Audio-Driven Gaussian Avatars with Generalizable Capability | Undergraduate Research Opportunities Program

Project Description

Generating animations of photorealistic 3D head avatars is important for many applications like digital humans, movie production, and immersive telepresence. To advance this task, Gaussian Splatting, a state-of-the-art neural scene representation technique, was used in recent papers. Gaussian Splatting offers key advantages such as high-fidelity rendering and real-time performance (high FPS), making it an ideal tool for creating high-quality avatars. A key challenge in audio-driven Gaussian avatars is their reliance on person-specific training, requiring multi-view images of one single person.
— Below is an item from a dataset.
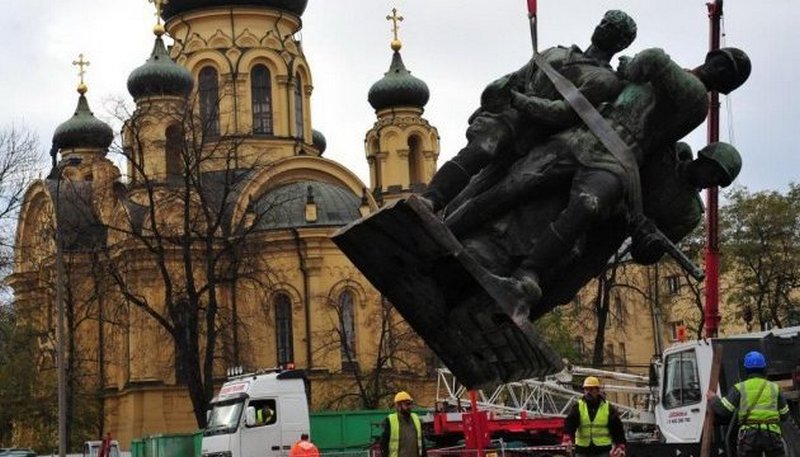 В Польше снесут все коммунистические памятники до конца марта следующего года 1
This severely limits scalability and generalization ability. In the project, we aim to improve the generalization ability of audio-driven Gaussian avatars, enabling them to generate high-quality animations for unseen individuals using only a single image or sparse-view images as input.

Supervisor

XU Dan

Quota

3

Course type

UROP1100

UROP2100

UROP3100

UROP3200

UROP4100

Applicant's Roles

- Study existing Gaussian Splatting methods to explore their potential for generalizable 3D head avatar generation.
- Conduct research on audio-driven Gaussian Avatars, focusing on improving realism and generalization for unseen individuals using single or sparse-view images.
- Collaborate with PhD students with potential opportunities to contribute to a research paper.

Applicant's Learning Objectives

- Gain a deep understanding of Gaussian Splatting techniques and their applications in 3D head avatar generation.
- Learn how to integrate audio-driven methods with neural scene representations for realistic animations.
- Develop practical experience in coding, experimenting with state-of-the-art models, and conducting research experiments.

Complexity of the project

Moderate